That’s a little different only since this model was more or less predicting not only what GB%, FB%, and LD% were likely to be next year based on what they were the past few years, but also what BABIP on each of those batted balls. I think that people tend to ignore that power hitters have better averages on line drives because they hit them further, guys who pop up a lot tend to have lower averages on flyballs because infield flies are easier to catch, and faster players have better batting average on groundballs.
Your point still holds, and I probably should have held back the statement a little bit. What I meant was that you can improve projections of those systems like CHONE, PECOTA, OLIVER, MARCEL, and ZIPS by looking at BABIP projection using batted ball rates and BABIP by batted ball.
This is some heavy work, Matt, and I’m glad you put the hours into this valuable topic. Good job overall.
There is, however, one problem here. In a regression, you cannot include an interaction term like “(FB%)*(FB-BABIP)” without also including the individual components. You would need to add FB-BABIP.
Also, as a side note, when you report an r^2 of .19, it means the model can explain 19% of the variance, not 44% [the sqrt(.19)] as you have said here.
Finally, have you seen the work of Chris Dutton and Peter Bendix? You can find their work here:
http://www.hardballtimes.com/main/article/batters-and-babip/
Or, for what looks to be the full academic paper, here:
http://tangotiger.net/tufts/understandingBABIP.pdf
It would be interesting to see how your two (similar) approaches measure up to one another -and to other models – at the end of the year. I hope you will run an update for us!
I used the FB%*FB-BABIP term okay, I think, for the ones I did used. It is basically the percentage of balls in play on which a hitter gets a hit on a fly ball. The implication is that perhaps for smaller sample sizes like one year of data, it is best to directly consider how often that happens than to focus on what percent of balls in play are flyballs and what percent of those are hits.
You’re right about r^2. Just sloppy on my part. Thank you for pointing that out.

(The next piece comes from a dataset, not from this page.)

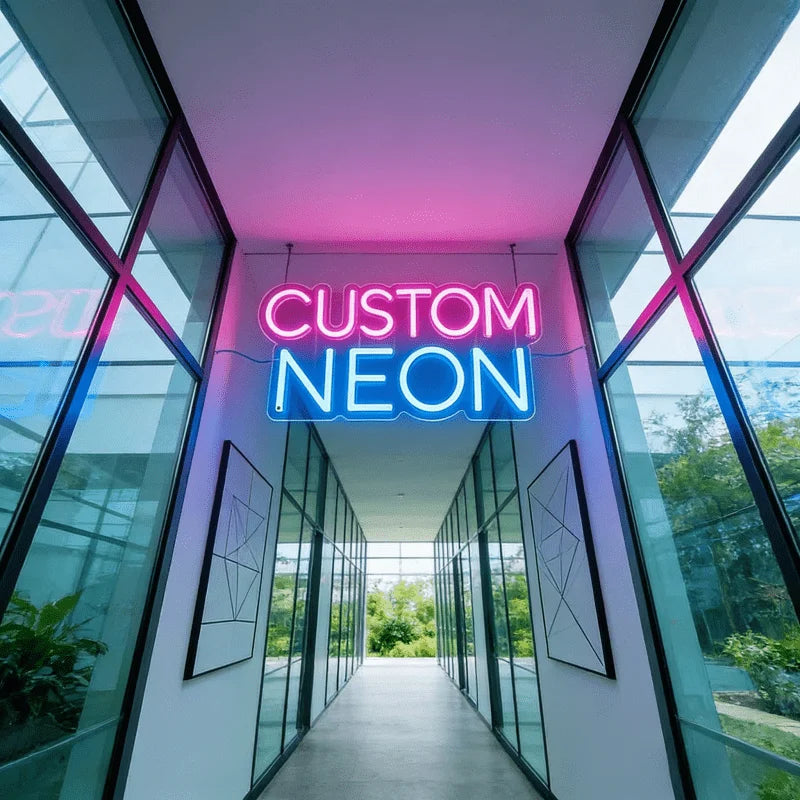 A bright neon sign spelling CUSTOM NEON is displayed in a modern glass hallway with vertical panels.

I have read that article. That article was retrospectively predicting BABIP, kind of like the LD%+.120 model that Studenmand developed a while back. It was not intended to predict BABIP in the future. It also had a few structural issues like regressing BABIP and pitches per extra base hit, which obviously is going to be negatively correlated because you’re using the part of the numerator of the dependent variable in one of the denominators of an independent variable. It was a good start though.
I developed a model of predicting BABIP in the future on individual batted ball types over at another blog shortly after that:
http://www.thegoodphight.com/2009/1/16/726379/babip-projection-and-new-s
Dutton later tried one of those on his own, but used a lot of the same variables that was explained in an article Derek Carty wrote over at THT.
http://www.hardballtimes.com/main/fantasy/article/whats-the-best-babip-estimator/
I later developed a couple other articles which topped that r^2 though. Here is the first in that series:
http://www.thegoodphight.com/2009/2/2/743228/improving-babip-estimation
I’m having trouble finding the second in that series, but it was here on StatSpeak but I can’t find the link. This above article was the 3rd in that series, and it did not include some of the variables for the larger dataset I used here, so my r^2 fell a little for the set with less years, but the r^2 in general is going to be higher this way since there are more direct historical BABIPs rather than focusing on correlates. There’s is useful if you don’t have many years of data but you have a lot of data about one year, but I still think it’s best to use BABIPs in previous years directly.